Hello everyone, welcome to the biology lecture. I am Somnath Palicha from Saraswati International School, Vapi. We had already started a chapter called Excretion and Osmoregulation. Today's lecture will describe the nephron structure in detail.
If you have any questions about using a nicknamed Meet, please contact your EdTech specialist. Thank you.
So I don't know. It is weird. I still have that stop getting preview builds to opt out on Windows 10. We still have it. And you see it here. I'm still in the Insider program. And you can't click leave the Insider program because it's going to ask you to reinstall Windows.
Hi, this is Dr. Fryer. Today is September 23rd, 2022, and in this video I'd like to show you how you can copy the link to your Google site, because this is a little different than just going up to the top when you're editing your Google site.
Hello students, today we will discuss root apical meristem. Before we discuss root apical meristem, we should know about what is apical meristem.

|---|

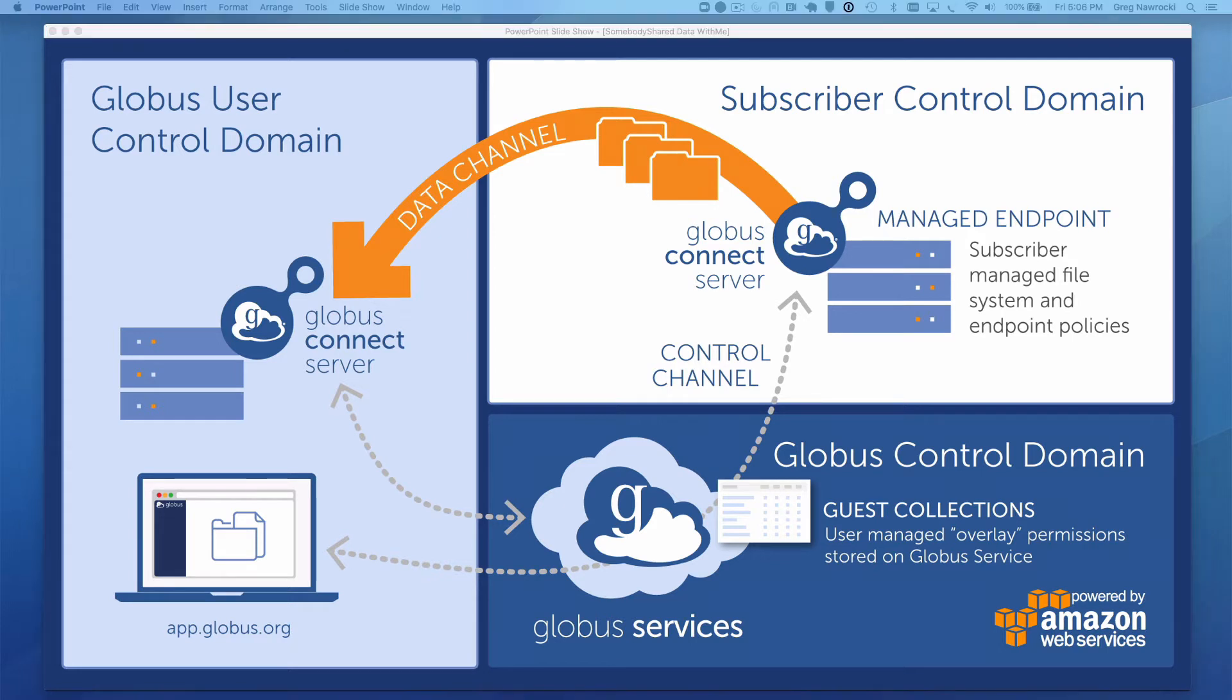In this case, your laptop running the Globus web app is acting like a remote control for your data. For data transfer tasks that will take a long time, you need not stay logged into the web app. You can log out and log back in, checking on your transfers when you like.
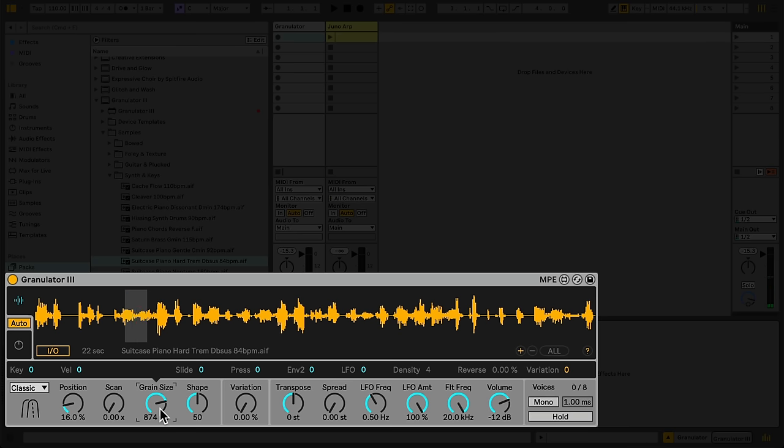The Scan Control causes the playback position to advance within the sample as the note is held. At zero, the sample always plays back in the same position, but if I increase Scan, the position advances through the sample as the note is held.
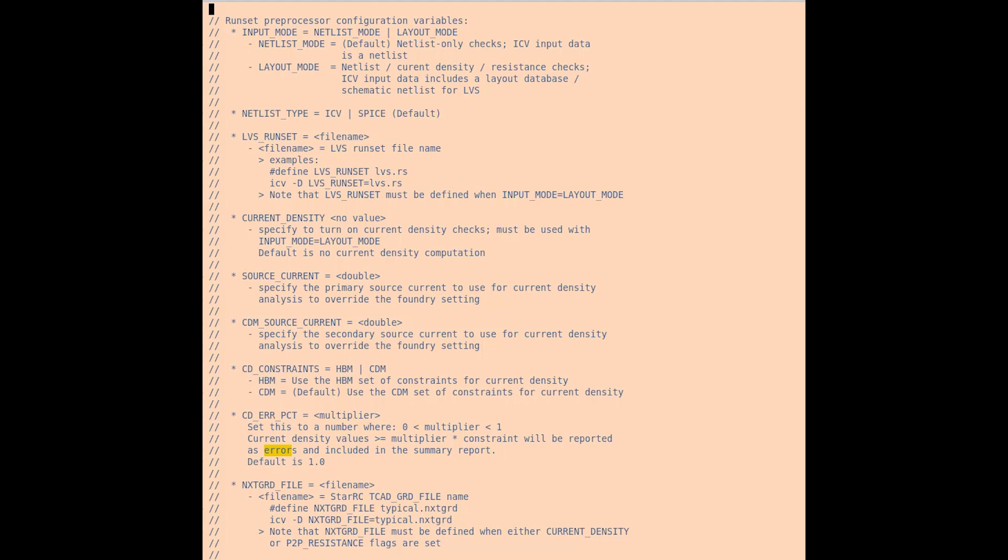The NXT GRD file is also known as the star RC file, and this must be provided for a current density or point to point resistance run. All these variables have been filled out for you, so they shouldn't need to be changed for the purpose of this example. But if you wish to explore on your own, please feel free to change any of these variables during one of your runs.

|---|

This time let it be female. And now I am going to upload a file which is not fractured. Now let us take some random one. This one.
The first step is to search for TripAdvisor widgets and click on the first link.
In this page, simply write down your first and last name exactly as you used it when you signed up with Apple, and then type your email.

|---|

Task objective -
Considering only the material above, set down every line from the one with "Hello everyone, welcome" to the one with "Hello students, today", inclusive, exactly as written.

Output of the exercise -
Hello everyone, welcome to the biology lecture. I am Somnath Palicha from Saraswati International School, Vapi. We had already started a chapter called Excretion and Osmoregulation. Today's lecture will describe the nephron structure in detail.
If you have any questions about using a nicknamed Meet, please contact your EdTech specialist. Thank you.
So I don't know. It is weird. I still have that stop getting preview builds to opt out on Windows 10. We still have it. And you see it here. I'm still in the Insider program. And you can't click leave the Insider program because it's going to ask you to reinstall Windows.
Hi, this is Dr. Fryer. Today is September 23rd, 2022, and in this video I'd like to show you how you can copy the link to your Google site, because this is a little different than just going up to the top when you're editing your Google site.
Hello students, today we will discuss root apical meristem. Before we discuss root apical meristem, we should know about what is apical meristem.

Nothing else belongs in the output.